What you should do —
In the listing below, write out exactly each line from the first through the one containing "Anneome Pool Billiard".

Data —
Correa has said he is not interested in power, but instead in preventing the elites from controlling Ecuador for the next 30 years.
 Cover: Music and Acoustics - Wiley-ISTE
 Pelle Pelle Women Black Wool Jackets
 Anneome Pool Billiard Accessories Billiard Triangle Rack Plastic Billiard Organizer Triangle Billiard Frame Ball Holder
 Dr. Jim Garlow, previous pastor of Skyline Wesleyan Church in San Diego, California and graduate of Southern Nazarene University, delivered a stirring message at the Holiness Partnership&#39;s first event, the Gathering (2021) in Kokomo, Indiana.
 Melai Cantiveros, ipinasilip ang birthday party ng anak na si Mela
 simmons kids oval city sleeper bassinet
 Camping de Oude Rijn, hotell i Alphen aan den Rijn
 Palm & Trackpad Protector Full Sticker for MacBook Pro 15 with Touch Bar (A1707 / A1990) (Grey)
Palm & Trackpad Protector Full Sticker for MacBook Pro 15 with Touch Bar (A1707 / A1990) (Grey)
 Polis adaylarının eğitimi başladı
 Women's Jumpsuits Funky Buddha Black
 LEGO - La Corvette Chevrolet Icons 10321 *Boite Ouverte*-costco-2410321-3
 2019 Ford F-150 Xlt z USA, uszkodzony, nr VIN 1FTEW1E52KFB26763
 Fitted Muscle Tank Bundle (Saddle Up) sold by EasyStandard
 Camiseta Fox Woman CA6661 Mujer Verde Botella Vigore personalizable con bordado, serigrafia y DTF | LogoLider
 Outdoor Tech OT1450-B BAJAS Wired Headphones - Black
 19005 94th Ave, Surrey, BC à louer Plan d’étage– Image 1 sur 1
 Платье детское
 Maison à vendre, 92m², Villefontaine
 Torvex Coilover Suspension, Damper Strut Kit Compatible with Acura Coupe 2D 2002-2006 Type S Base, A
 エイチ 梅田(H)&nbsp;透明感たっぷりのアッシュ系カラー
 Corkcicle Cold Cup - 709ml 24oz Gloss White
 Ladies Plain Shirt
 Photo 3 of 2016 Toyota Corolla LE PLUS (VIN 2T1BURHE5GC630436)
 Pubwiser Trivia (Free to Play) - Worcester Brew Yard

Result —
Correa has said he is not interested in power, but instead in preventing the elites from controlling Ecuador for the next 30 years.
 Cover: Music and Acoustics - Wiley-ISTE
 Pelle Pelle Women Black Wool Jackets
 Anneome Pool Billiard Accessories Billiard Triangle Rack Plastic Billiard Organizer Triangle Billiard Frame Ball Holder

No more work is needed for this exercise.